The larger worry that the president seeks to address is the deteriorating circumstances of the middle class. Those families — neither rich nor poor — have been taking a beating. The share of Americans who think of themselves as middle class is now 44 percent, down from 53 percent in 2008, according to a new survey from the Pew Research Center. The causes of these changes are complex and over time — especially with the economic recovery underway — some of it might right itself. Any proposed solutions are complex as well. But one fix, at least, appears simple and immediate: Increase the minimum wage. “Give America a raise!” Obama urged in his address, and really, what not-so-well-paid voter wouldn’t want that? Few, I think, which is exactly what makes it so politically powerful.

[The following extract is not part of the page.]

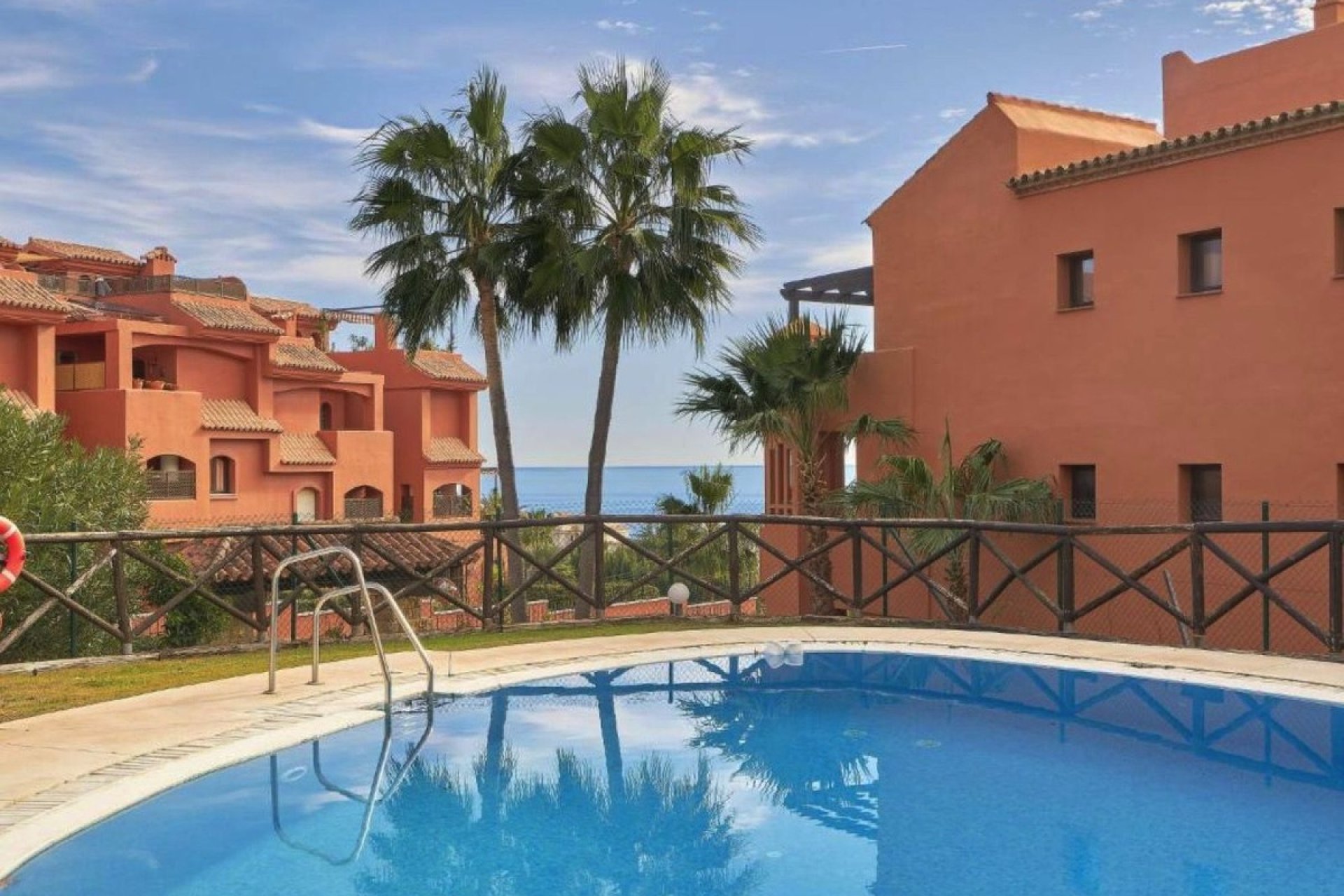 Resale - apartment - Estepona - Estepona Centro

First put in place in 1938, the federal minimum wage started at just 25 cents (of course, back then two bits could get you a shave and a haircut). It’s not pegged to inflation, so Congress has to legislate any changes. The last rise in 2009 was to $7.25, which is, historically speaking, comparatively low. The high point for the minimum wage was 1968, when the real rate (that is, adjusted for inflation) was $10.77. Today’s minimum is thus a third less, which gives Obama much room to argue that any proposed increase is long overdue.
The push-back to hiking the minimum wage is that it’s a job killer. In theory, increases to wages cause businesses to hire less (in the same way that an increase in the price of a product would cause consumers to buy less of it). But sometimes theory gets hijacked by reality. Economists endlessly debate the point, but much data suggest past rises haven’t significantly hurt jobs. “Why does the minimum wage have no discernable effect on employment?” wonders a 2013 study from the left-learning Center for Economic and Policy Research. The report advances a number of explanations. Better-paid employees stay with their jobs, companies find other efficiencies to compensate, businesses simply raise prices, or incomes of the highest paid get slightly reduced.
Granted, at some point a large boost to the minimum wage — say doubling or tripling it — would wreak economic havoc. But at the modest levels Obama is proposing? Probably not.
But the impact on wage earners would be huge. A full-time worker making the minimum today grosses around $14,500. A boost to $10.10 would push annual earnings to $20,200. Is nearly $500 a month meaningful? You bet it is. Moreover, increases in the minimum wage tend to have a ratchet effect, in that workers now paid slightly more than the minimum will also see their compensation go up.
You can see where this goes politically. Some argue that since lower-paid workers tend to vote for Democrats anyway, there’s no real political gain to be had from the increase. But during his reelection, Obama’s team figured out that there were certain wedge issues — such as same-sex marriage or immigration reform — that would energize segments of the Democratic base, boosting turnout and overwhelming less-enthusiastic Republican voters. The minimum wage is a wedge issue too. If Republicans resist an increase, they’ll look to be denying money in families’ pockets all out of some nebulous concern for well-heeled corporations. Us versus them doesn’t make for a pretty picture — unless, of course, you’re a Democratic strategist seeing that a path to victory runs along a minimum wage road.